Ee.. şimdi ne olacak.? kimseye de söyleyemem. Bir şeyler buldum biraz kanı sildim.Eve çok yakın akan bir
çay/Irmak ayağı vardı orada yıkandım. Ama kanı durduramıyorum. Eve girdim. Bahçedeki çamaşır ipinden
çaktırmadan bir tülbent aldım. Arı kovanlarının olduğu sundurmalı bir bölüm vardı oraya girerek o tülbenti
kendimce sıkıca bağladım. Tek derdim kanın durması.Aslında şimdilerde bu olay olsa kesin 112 acil ambulans
çağrılırdı. Tandırbaşından sesler geliyordu. Girdim ki dayımın hanımı Şamise ablamlar da ekmek pişirme işini bitirmişler oraları toparlıyorlar. Şamise ablam beni görür görmez;
-Ola oğul sen sabahtan beri nerelerdesin? Karnında mı açıkmadı dedi.
Ama bir taraftan da bana daha bir dikkatle bakmaya başladı.
-Ola hele dur, gız Rehime hele gel bu oğlanın yüzüne bak. Sene ne oldu.!! Meğerse betim benzim solmuş ki ne solmak.
Nasıl solmasın ki.
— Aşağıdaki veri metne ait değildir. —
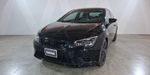 Seat Leon 2.0 SC CUPRA DSG Hatchback 2016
Bir sürü şeyi az bir zamanda yaşadım, yaşıyorum.
Atı izinsiz ahırdan çıkar, saatlerce hayvana bin, üstünden düş, nasıl becerdiysem ahıra tekrar
kimse görmeden tekrar sok.. Kalçana hatırı sayılır derin bir yara aç ve bütün bunları da kimselere söyleme.
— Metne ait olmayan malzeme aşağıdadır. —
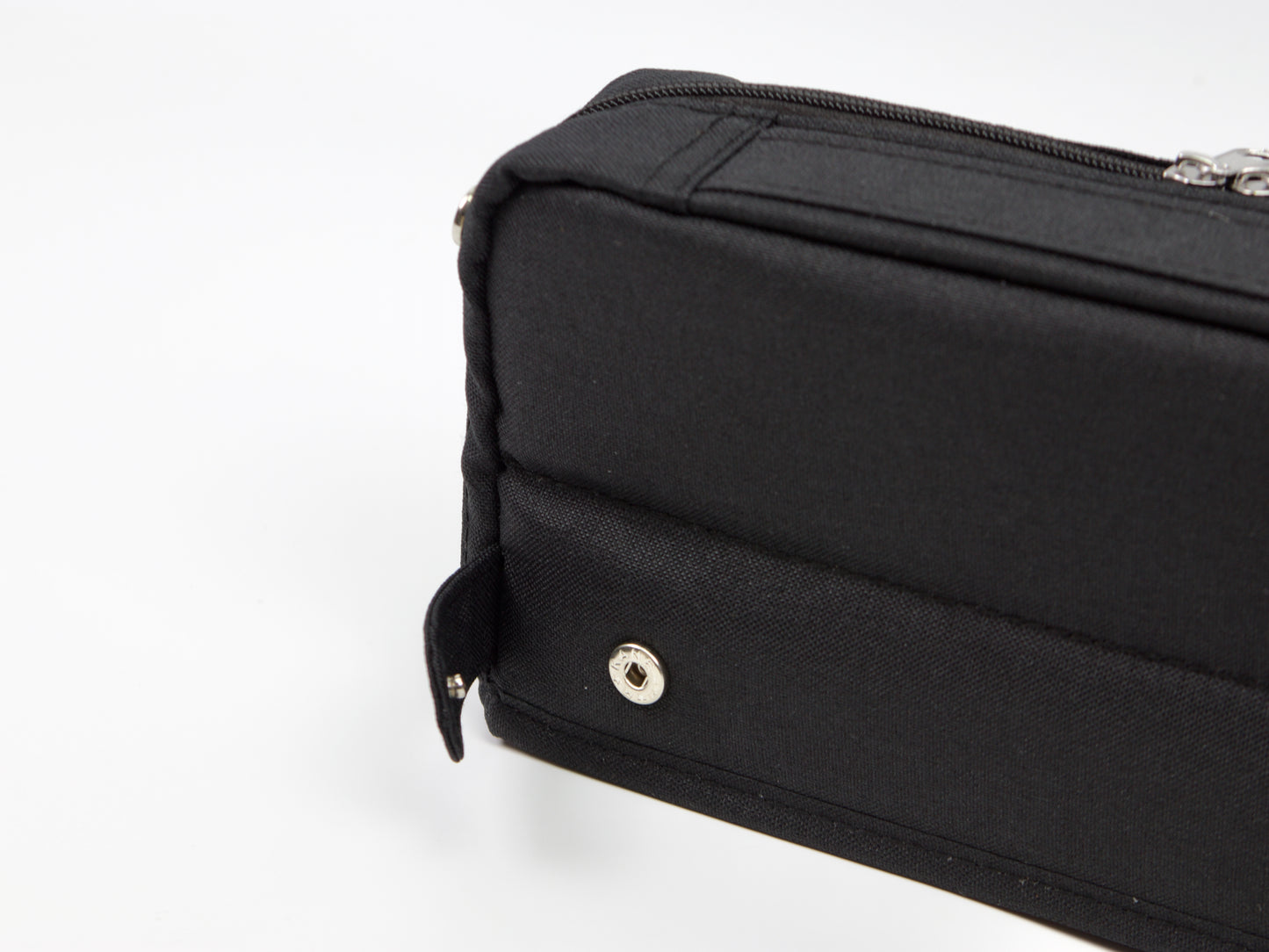 Kokuyo Cabaco Tool Pen Case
Ha birde bu kanı durdurmam gerek. Garibim İsmail başın belada.
-Yok valla Şamise abla bir şeyim. Kem küm, İnanmadılar ama.
-Eee peki gel odaya Rehime ablan yemek koysun da ye.
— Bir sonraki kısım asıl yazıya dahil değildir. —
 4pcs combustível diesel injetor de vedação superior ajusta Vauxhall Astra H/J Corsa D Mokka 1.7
-Ya abla ben burada otursam da burada yesem. Derken onlar gittiler. bBen neredeyse tandırın içine gireceğim.
Tandırda alev kalmamış ama içi epeyce sım sıcak..Tek derdim o yara tarafını sıcakta iyice bir pişirir gibi ısıtarak kurutmak..
Yarayı tandırın ağız tarafına getirerek tandırın içine düşme korkusu yaşaya yaşaya epey bir müddet öylece kaldım.

Ve çok şükür düşündüğüm gibi oldu da yara uzunca bir süre sonra kuruyarak kanın akmasını durdurmuş oldum.
Ha bir korkum daha vardı bu sırrımı saklamam için. Oda eğer yaralandığımı öğrenseler en kısa zamanda beni
gönderirlerdi gerisin geri.
Ee emanet çocuğuz nede olsa.
Hem de benim gibi bir emanet.
Ah Canım abim, çok üzgünüm diyeceğim ama.; maalesef diyemem. Sadece teşekkürler senin vesilenle o şahane ata binme fırsatı sağladığın için.
Maliyeti kalçam olsa bile.
İtiraflarımı haykırıyor ve ellerinden hürmetle öpüyorum. Canımın icisin sen benim.
Köyünün En Delikanlısına sevgi ve tazimle ithaf olunur.